Featuring original fiction by:
~ Brittany Warman ~ Milo James Fowler ~ C.S. MacCath ~ Sara Cleto ~ Samantha Kymmell-Harvey ~ Megan Arkenberg ~ Gary B. Phillips ~ Alexandra Seidel ~ Jonathan C. Parrish ~ Simon Kewin ~ Beth Cato ~ Cory Cone ~ Cindy James ~ Alexis A. Hunter ~ Michael M. Jones ~ Steve Bornstein ~ BD Wilson ~ Michael Kellar ~ Damien Angelica Walters ~ Marge Simon ~ Michael Fosburg ~ Suzanne van Rooyen ~ L.S. Johnson ~ Pete Aldin ~ Gabrielle Harbowy ~ Lilah Wild ~ KV Taylor ~
About the Editor
Rhonda Parrish is driven by a desire to do All The Things. She has been the publisher and editor-in-chief of Niteblade Magazine since 2007 (which is like 30 years in internet time) and is the editor of several anthologies including (most recently) Fae and B is for Broken.
In addition, Rhonda is a writer whose work has been in publications such as Tesseracts 17: Speculating Canada from Coast to Coast, Imaginarium: The Best Canadian Speculative Writing (2012) and Mythic Delirium.

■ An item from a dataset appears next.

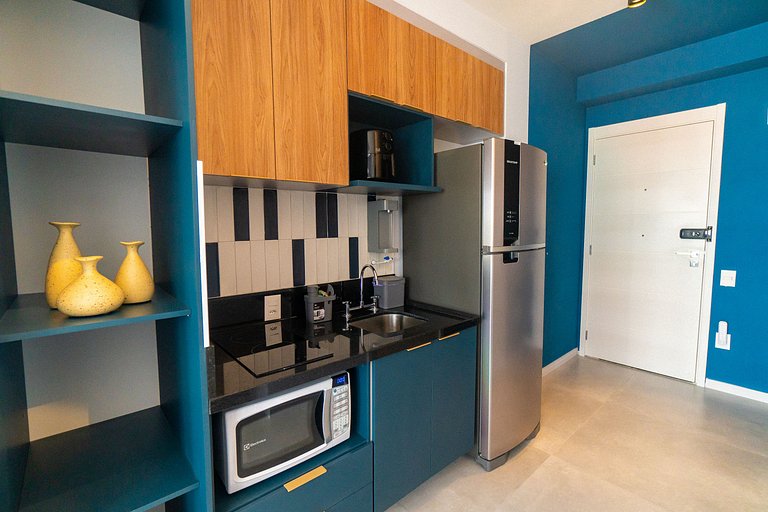 BA91 Studio Vila Mariana Premium | Cowork & Pool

Her website, updated weekly, is at http://www.rhondaparrish.com
Official Website: http://www.poiseandpen.com/publishing/alphabet-anthologies/b-is-for-broken/
G is for Glass by Gary B. Phillips:
Adina was born a girl of glass.
She had not been the first child with such a strange birth defect. The doctors had run tests on the child after her birth and delivered the news with practiced, solemn faces. Her mother carefully pulled back layer after layer of blankets to reveal a small translucent blue body, spindling arms and legs, and clear blue eyes that shone like the sky after a February storm.
She watched the children across the field kicking a soccer ball. One of them tripped and came back up with a bloody knee and grass in his hair. He was smiling though. She could smell the wet grass, hear the sound of their laughter. She wanted so badly to taste it.

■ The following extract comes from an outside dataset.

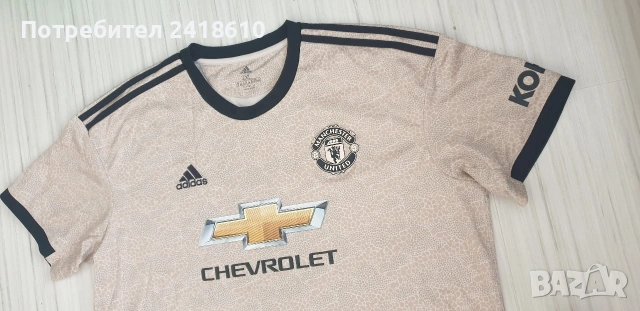 Adidas Man United Clima Lite Mens Size 2XL НОВО! ОРИГИНАЛ! Мъжка Тениска!, снимка 4 - Тениски - 55161638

She envied other children, hated them even, as they skipped up and down the stairs, two-at-a-time, even three. Jumping the last half dozen stairs and falling at the bottom, their voices howling with laughter and pain. Broken arms, scraped legs, and bloody noses.
“You look angry,” Shamira said.
Adina’s felt flush in her cheeks. She wondered if they were tinting red.
“I want that,” Adina said, and she pointed to the children playing.
“I know, but that’s where you got that.” Shamira pointed to the chipped glass of her elbow. “And this.” Her fingers brushed against Adina’s brow, where the sliver of missing glass was almost invisible to the naked eye if you weren’t looking for it.
“Some lives come with a higher cost. That’s why I’m here. To help you.”
That was the thing about Shamira. She never made it sound as if she was being paid to be there. She always gave her answers as a friend.
Even at six Adina knew her life was fake. She had been made in some strange, fake way and existed in a state somewhere between liquid and solid, always in suspended animation, never able to reach any point for herself.
She had heard rumors about other children of failed experiments. Most of them were thrown away. Those that were not formed small communities, under bridges, tent cities, at the edges of civilization. The children in her neighborhood traded stories about them, whispered words on fall winds. Freak. Monster. Alien. She wondered if there was another glass child. A glass boy, perhaps.